On March 13th, a John Hopkins University infectious disease specialist and an Albert Einstein College of Medicine member published a paper claiming the most effective treatment for the COVID-19 lies in the blood plasma of the people who have fully recovered from the disease. According to the researchers, the antibody strategy is effective in other infections. They also claim the tools needed to collect and administer plasma already exists.

Their paper influenced the medical community to conduct experimental therapies in hundreds of U.S. hospitals. Less than three months later, more than 16,000 patients have received plasma from coronavirus survivors.

History of Plasma Treatments

The blood from recovered patients has long since been used to treat patients since the 1918 Spanish Flu, which infected more than 500 million worldwide. Studies from 1918 pandemic claim transfusion of plasma from the patients who have recovered from the flu effectively reduced the mortality in patients with influenza and severe complications. Plasma treatments have also been used to treat other epidemics and infections such as measles, severe acute respiratory syndromes, and Argentine hemorrhagic fever.

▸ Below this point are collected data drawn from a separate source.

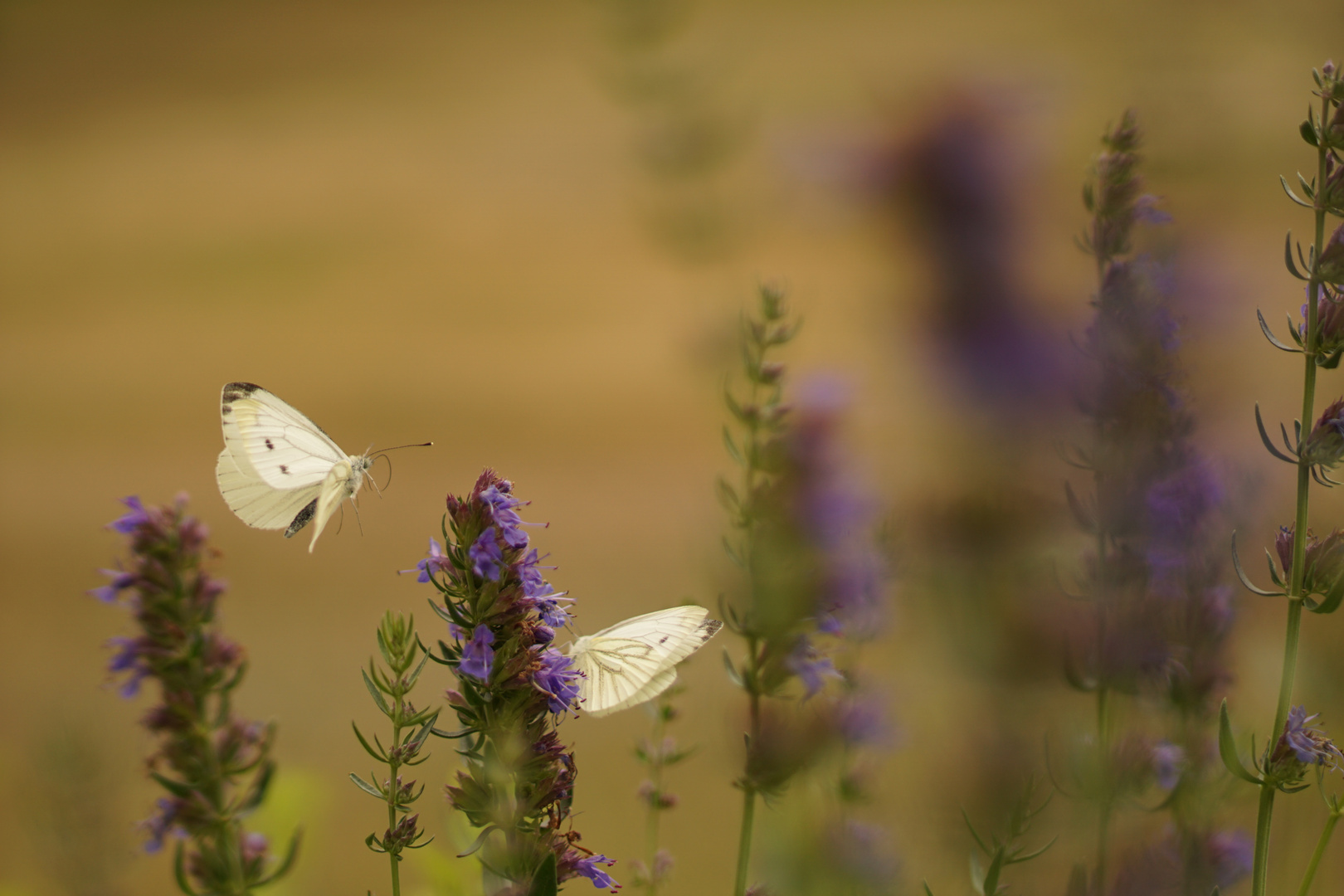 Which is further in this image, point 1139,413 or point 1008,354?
point 1139,413

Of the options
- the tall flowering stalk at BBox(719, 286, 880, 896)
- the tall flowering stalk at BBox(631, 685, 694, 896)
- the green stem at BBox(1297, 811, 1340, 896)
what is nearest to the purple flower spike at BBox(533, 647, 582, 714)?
the tall flowering stalk at BBox(719, 286, 880, 896)

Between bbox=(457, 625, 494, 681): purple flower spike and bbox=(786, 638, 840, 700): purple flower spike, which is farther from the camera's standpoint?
bbox=(786, 638, 840, 700): purple flower spike

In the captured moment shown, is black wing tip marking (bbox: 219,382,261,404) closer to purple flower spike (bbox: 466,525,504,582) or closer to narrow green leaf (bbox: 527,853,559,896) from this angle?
purple flower spike (bbox: 466,525,504,582)

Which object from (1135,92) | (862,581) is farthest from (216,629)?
(1135,92)

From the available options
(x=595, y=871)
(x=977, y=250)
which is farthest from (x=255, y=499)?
(x=977, y=250)

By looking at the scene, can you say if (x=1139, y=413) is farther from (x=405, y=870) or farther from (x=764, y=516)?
(x=405, y=870)

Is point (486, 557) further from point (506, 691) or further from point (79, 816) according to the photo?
point (79, 816) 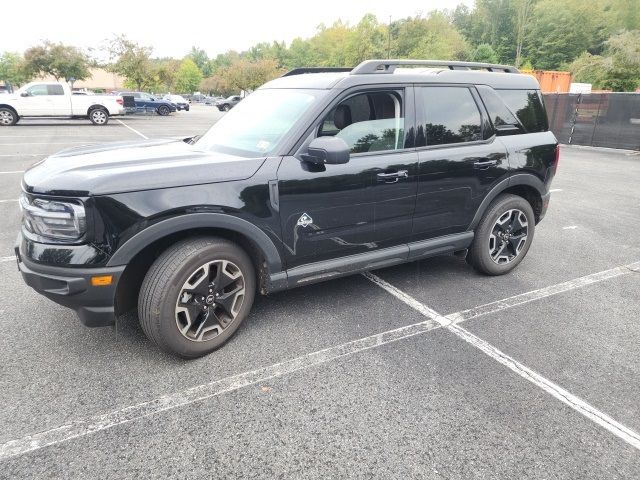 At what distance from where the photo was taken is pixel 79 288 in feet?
8.03

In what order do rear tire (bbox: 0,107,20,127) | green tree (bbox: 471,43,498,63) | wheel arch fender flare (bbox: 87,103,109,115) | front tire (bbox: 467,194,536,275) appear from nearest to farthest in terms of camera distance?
1. front tire (bbox: 467,194,536,275)
2. rear tire (bbox: 0,107,20,127)
3. wheel arch fender flare (bbox: 87,103,109,115)
4. green tree (bbox: 471,43,498,63)

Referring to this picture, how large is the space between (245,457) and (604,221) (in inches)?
255

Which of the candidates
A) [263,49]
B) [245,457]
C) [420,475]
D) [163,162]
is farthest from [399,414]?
[263,49]

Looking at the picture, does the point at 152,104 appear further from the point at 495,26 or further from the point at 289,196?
the point at 495,26

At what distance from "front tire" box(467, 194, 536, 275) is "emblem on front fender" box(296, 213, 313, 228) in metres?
1.80

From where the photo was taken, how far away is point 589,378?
8.99ft

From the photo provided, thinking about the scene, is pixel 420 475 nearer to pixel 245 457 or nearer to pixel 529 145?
pixel 245 457

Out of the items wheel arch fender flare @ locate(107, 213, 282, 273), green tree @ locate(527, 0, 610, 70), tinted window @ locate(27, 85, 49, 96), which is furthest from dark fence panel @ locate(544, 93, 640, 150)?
green tree @ locate(527, 0, 610, 70)

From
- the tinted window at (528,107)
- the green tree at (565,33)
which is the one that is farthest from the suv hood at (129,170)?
the green tree at (565,33)

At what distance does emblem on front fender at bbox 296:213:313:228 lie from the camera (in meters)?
3.01

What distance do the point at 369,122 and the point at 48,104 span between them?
20847mm

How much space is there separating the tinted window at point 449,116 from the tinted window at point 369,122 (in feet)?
0.78

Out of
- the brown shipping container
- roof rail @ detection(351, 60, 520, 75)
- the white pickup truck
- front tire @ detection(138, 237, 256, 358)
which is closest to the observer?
front tire @ detection(138, 237, 256, 358)

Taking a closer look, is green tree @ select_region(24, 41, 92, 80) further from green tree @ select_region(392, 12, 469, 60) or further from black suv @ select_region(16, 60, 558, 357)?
black suv @ select_region(16, 60, 558, 357) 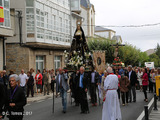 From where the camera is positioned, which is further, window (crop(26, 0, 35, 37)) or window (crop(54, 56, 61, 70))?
window (crop(54, 56, 61, 70))

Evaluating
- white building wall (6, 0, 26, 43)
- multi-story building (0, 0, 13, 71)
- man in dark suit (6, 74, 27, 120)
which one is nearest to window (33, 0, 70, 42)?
white building wall (6, 0, 26, 43)

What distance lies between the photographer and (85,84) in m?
11.7

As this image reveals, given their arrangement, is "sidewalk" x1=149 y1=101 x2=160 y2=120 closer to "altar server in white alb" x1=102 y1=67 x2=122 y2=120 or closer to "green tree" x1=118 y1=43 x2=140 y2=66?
"altar server in white alb" x1=102 y1=67 x2=122 y2=120

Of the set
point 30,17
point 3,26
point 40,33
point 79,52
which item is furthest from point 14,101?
point 40,33

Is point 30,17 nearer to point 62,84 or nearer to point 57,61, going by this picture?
point 57,61

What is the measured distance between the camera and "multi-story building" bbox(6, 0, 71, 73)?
76.0ft

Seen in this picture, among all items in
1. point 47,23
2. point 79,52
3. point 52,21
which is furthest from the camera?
point 52,21

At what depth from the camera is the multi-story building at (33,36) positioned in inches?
912

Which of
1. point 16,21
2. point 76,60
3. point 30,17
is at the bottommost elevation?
point 76,60

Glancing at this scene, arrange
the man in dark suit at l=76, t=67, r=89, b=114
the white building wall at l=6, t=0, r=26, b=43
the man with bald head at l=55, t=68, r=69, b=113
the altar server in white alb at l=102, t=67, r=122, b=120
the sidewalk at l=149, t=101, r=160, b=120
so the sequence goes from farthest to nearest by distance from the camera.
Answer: the white building wall at l=6, t=0, r=26, b=43, the man with bald head at l=55, t=68, r=69, b=113, the man in dark suit at l=76, t=67, r=89, b=114, the sidewalk at l=149, t=101, r=160, b=120, the altar server in white alb at l=102, t=67, r=122, b=120

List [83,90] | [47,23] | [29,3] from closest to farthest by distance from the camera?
[83,90]
[29,3]
[47,23]

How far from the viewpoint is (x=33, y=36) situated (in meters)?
23.4

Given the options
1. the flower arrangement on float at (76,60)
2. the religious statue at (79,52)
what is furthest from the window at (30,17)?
the flower arrangement on float at (76,60)

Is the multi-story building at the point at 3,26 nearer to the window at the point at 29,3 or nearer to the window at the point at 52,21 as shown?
the window at the point at 29,3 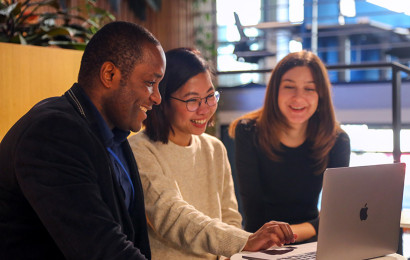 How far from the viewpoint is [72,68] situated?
263cm

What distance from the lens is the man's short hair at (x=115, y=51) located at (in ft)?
4.27

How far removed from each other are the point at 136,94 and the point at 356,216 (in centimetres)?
71

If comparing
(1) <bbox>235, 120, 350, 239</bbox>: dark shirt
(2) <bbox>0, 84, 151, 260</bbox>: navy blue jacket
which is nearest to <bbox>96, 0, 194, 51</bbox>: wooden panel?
(1) <bbox>235, 120, 350, 239</bbox>: dark shirt

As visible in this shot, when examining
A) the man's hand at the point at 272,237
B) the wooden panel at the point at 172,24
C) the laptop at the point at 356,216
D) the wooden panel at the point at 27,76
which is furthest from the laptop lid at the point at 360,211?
the wooden panel at the point at 172,24

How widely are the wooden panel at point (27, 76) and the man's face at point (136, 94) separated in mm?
1137

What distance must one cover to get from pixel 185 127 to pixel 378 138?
4.80 metres

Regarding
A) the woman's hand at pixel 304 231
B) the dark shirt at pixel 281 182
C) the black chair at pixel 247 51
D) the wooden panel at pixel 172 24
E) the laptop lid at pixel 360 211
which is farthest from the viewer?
the wooden panel at pixel 172 24

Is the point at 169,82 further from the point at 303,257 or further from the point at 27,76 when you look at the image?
the point at 27,76

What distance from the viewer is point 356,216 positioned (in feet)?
5.03

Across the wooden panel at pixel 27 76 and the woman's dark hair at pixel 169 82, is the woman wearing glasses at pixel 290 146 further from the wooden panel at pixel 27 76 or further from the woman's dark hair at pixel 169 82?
the wooden panel at pixel 27 76

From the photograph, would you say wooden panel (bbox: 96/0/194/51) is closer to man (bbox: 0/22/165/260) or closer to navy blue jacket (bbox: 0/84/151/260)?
man (bbox: 0/22/165/260)

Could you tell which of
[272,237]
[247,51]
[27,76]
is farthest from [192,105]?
[247,51]

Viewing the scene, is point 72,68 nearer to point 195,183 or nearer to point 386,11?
point 195,183

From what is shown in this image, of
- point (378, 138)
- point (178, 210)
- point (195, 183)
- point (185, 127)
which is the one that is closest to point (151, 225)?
point (178, 210) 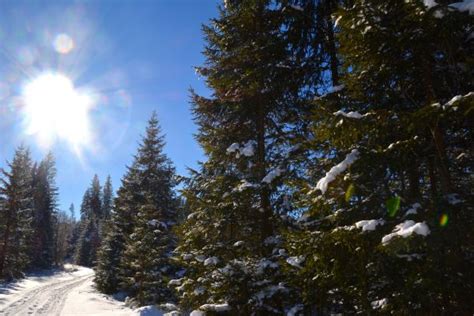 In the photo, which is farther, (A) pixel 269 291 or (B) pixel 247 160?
(B) pixel 247 160

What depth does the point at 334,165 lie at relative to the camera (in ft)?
22.4

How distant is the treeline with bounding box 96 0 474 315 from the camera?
4.84 meters

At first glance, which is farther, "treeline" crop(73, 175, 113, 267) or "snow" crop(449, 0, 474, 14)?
"treeline" crop(73, 175, 113, 267)

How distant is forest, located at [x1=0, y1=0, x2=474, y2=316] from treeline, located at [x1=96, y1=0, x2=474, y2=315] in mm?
31

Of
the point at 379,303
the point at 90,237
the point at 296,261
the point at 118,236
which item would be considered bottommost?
the point at 379,303

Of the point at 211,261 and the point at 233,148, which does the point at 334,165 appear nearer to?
the point at 233,148

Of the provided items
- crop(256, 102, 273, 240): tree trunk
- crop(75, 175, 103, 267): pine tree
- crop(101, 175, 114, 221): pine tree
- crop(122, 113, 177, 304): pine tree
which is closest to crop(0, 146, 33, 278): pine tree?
crop(122, 113, 177, 304): pine tree

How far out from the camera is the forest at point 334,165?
4.83m

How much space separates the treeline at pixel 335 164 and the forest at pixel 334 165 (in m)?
0.03

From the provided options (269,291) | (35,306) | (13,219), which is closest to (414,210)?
(269,291)

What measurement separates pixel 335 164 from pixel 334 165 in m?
0.07

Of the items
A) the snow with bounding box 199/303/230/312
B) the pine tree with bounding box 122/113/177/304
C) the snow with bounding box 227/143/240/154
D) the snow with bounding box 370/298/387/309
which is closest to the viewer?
the snow with bounding box 370/298/387/309

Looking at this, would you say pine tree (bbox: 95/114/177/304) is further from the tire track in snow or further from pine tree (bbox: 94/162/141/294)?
the tire track in snow

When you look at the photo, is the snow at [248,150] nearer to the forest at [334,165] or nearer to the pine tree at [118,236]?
the forest at [334,165]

Researchers injected convalescent plasma to 188 patients who suffered from the rodent-borne fever in the 1970s. Only 1 percent of plasma recipients died of the disease, while 16.5 percent from the control group succumbed to the hemorrhagic fever.

However, the plasma treatment showed no benefits in 84 patients infected with Ebola in Guinea in 2015. The therapy also carried risks in transmitting blood-borne pathogens. The plasma treatment can also cause acute lung injury and circulatory overload, which can lead to difficulty breathing and death.

Effectivity

In January, doctors and researchers in China have begun experimenting convalescent plasma therapy in COVID-19 patients. The results, which were published in the Proceedings of the National Academy of Sciences, reported that the conditions improved for all ten plasma recipients. Researchers at the Mount Sinai Hospital in New York compared 39 COVID-19 patients who received plasma transfusions with other patients who did not receive the therapy. According to the published reports, the mortality rates were 12.8 percent in the plasma group and 24.4 percent in the control group. The patients who received plasma treatments also an improved survival rate compared to controlled patients.

While the data showed promise, experts believe more rigorous clinical trials are needed. The researchers at Mount Sinai are already creating plans to conduct a study involving 275 treated patients. Other similar trials are also underway in Europe and parts of the United States.

Complications

Researchers have also started studying the therapy's safety. The data collected show complications seem to be rare. A U.S. paper compiled a report on 5000 patients and found 36 severe events, including lung injury and rejection. The adverse events may have been results of the disease, the paper says. If the treatment is shown to work, the medical community would also face problems meeting the demand. One plasma donation could only be enough for one or two patients. The donor's blood type would also need to match the recipient's.

Many research institutions and blood banks have collaborated with Microsoft to launch a campaign called The Fight Is In Us. The campaign aims to get tens of thousands of recovered COVID-19 patients to donate blood plasma.